Wednesday, March 19, 2008

2001: Clarke and Kubrick

Overhead, without any fuss, the stars were going out.

Arthur C. Clarke died today, and I was reminded of 2001: A Space Odyssey. Clarke wrote the novel, which was based on an earlier story of his, The Sentinel; both Clarke and Stanley Kubrick are credited for the screenplay of Kubrick's movie. Clarke, perhaps feeling like most of us, has said that he wasn't quite sure what Kubrick was up to in the movie's ending. I have a very clear memory of sitting in a movie theater and watching 2001 when I was 11 or 12 years old. I had thought that I was going to see a "science fiction" movie (you know, space ships, adventure, and stuff). I understand now that the movie I watched then was, indeed, a science fiction movie. At the time, though, it was all I could do simply to sit and be bombarded by the stunning images on the screen which, by the movie's end, left me feeling a bit shell-shocked. I don't mean this in a negative way at all. No. I had no idea what this movie was about and I couldn't give a coherent account of it's plot. I knew, though, that it was good. I'm still not sure I understand the movie, and I'm certainly not going to try to explain it here and now (although if you've got some time to kill, there's no shortage of attempts at explaining 2001; some are interesting, some are a bit silly). I'd recommend reading Clarke's novel to anyone who likes the movie but doesn't quite get what Kubrick is trying to express. Both the novel and the movie are concerned with themes of human evolution (with humanity being one step in a process), the dangers of technology, and the details of traveling in space. Clarke explains what Kubrick shows.


  1. Me too, Kyclops, I saw it, didn't really understand but knew it was good - and the not understanding didn't seems to matter at all because it reached, you know, the places that other films didn't. Though why it resonated so strongly, seeing as I was still a child, is a bit of a mystery. Going to check your links now.

  2. I had pretty much the same experience as you -- a little puzzled by the movie, but not bothered overmuch by that feeling, since the mood it created was so awe-inspiring.

    When, some years later, I read the novel, I had the feeling of satisfaction of finding the missing piece to the puzzle. My uncle had a different reaction, though. He felt that the book was a cheat of sorts. While he liked it in and of itself as a yarn, he said it betrayed the whole point of the movie for him, that were we to encounter an alien civilization, we could not possibly hope to comprehend it. I don't completely agree with him, but I think there's a lot to that thought.

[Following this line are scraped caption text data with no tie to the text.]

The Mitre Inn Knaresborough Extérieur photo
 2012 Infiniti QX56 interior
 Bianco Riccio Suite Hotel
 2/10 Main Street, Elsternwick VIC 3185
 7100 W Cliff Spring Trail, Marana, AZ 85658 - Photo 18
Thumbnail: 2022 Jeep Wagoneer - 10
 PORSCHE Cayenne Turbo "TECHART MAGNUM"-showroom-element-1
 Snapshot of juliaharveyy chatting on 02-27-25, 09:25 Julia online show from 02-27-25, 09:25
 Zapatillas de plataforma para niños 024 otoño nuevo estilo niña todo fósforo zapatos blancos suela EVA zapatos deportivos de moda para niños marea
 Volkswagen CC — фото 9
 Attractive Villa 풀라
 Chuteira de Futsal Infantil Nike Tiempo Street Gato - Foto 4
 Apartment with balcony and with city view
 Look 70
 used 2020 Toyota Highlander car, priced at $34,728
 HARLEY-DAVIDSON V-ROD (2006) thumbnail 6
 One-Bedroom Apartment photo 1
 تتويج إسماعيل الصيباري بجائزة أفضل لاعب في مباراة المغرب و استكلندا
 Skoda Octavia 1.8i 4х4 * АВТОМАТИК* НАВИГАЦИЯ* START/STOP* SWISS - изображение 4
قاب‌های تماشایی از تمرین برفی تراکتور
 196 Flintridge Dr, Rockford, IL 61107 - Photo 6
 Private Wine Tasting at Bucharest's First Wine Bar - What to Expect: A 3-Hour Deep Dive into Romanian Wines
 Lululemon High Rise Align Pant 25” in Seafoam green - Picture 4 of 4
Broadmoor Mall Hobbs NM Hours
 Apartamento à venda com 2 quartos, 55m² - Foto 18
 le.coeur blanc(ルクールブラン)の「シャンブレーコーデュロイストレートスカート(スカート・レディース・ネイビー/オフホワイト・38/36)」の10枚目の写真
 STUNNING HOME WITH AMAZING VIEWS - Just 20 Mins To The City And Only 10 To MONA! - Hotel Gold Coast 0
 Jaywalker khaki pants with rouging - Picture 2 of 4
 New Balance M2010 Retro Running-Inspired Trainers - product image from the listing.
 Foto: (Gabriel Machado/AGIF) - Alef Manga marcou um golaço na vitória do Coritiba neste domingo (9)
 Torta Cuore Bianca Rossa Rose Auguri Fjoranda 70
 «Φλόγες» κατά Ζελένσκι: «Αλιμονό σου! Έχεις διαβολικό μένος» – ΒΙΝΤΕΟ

    It's interesting (read: depressing) to imagine what the reaction would be if 2001 premiered these days instead of when it did (with a different title, of course). Given the whining from the drooling masses about Syriana -- "ZOMG!!!! Too hard to understand!!!" -- I am convinced our current cultural demand always to be spoon-fed would result in the movie being a flop, or at best, a cult favorite.

  3. Signs,
    Thanks for dropping by! I suspect a lot of people felt like we did when they first saw 2001 (see Brendan's comment below). It's amazing how well it stands up today.

    Syriana was hard to understand? ;-)
    Your uncle may have a point, but I also think that there are different narrative "needs" in a novel vs. a movie. Can you imagine Clarke trying to "write" Kubrick's ending? All in all, though, I don't think the two versions are in any way at odds with one another.

  4. I haven't watched "2001" for about 15 years - and when I did, it was under the influence of... erm... student tobacco. Unsurprisingly, I remember little apart from Ligeti and the visuals - which, given the era of its original release, may well have been an experience shared by many...

  5. Tafkass,
    Ah yes... "student tobacco." As I recall, my later viewings of 2001 were greatly enhanced. Comprehension was another matter...

  6. Syriana was hard to understand? ;-)

    That was one of the most tiresome memes I've ever had to suffer, and yes, it was omnipresent and repeated incessantly here in the US for a while. I thought the movie was great, myself, and did not find it especially difficult to follow.

    @tafkass: great euphemism: "student tobacco"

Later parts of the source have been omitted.